WORK TO COMPLETE: Could you transcribe exactly the lines below, from the line with "Nissan Micra 1.0L 12V 5 porte Visia" through the line with "Silk Brocade Jumpsuit", and nothing else, leaving out the pictures?

----- TASK INPUT

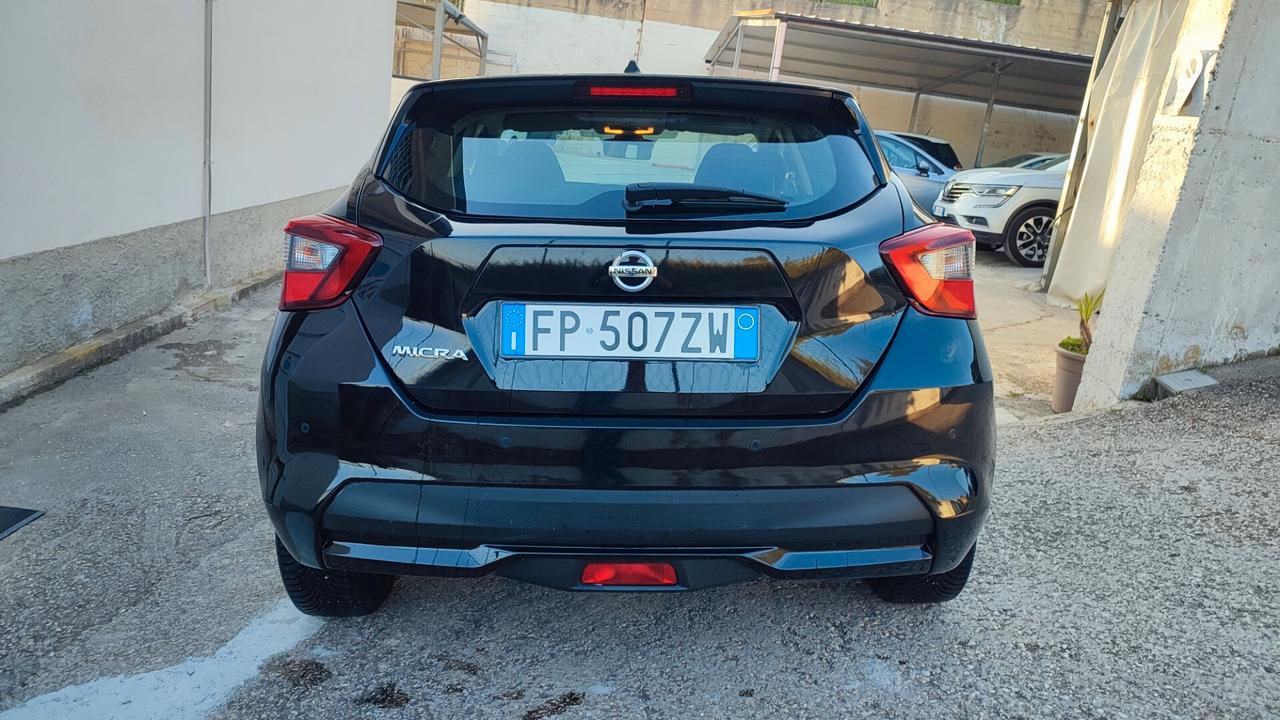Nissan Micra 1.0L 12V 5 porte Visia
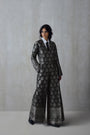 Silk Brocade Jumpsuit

----------
----- TASK INPUT

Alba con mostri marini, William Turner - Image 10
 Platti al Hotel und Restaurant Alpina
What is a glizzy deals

----------

FINAL ANSWER:
Nissan Micra 1.0L 12V 5 porte Visia
 Silk Brocade Jumpsuit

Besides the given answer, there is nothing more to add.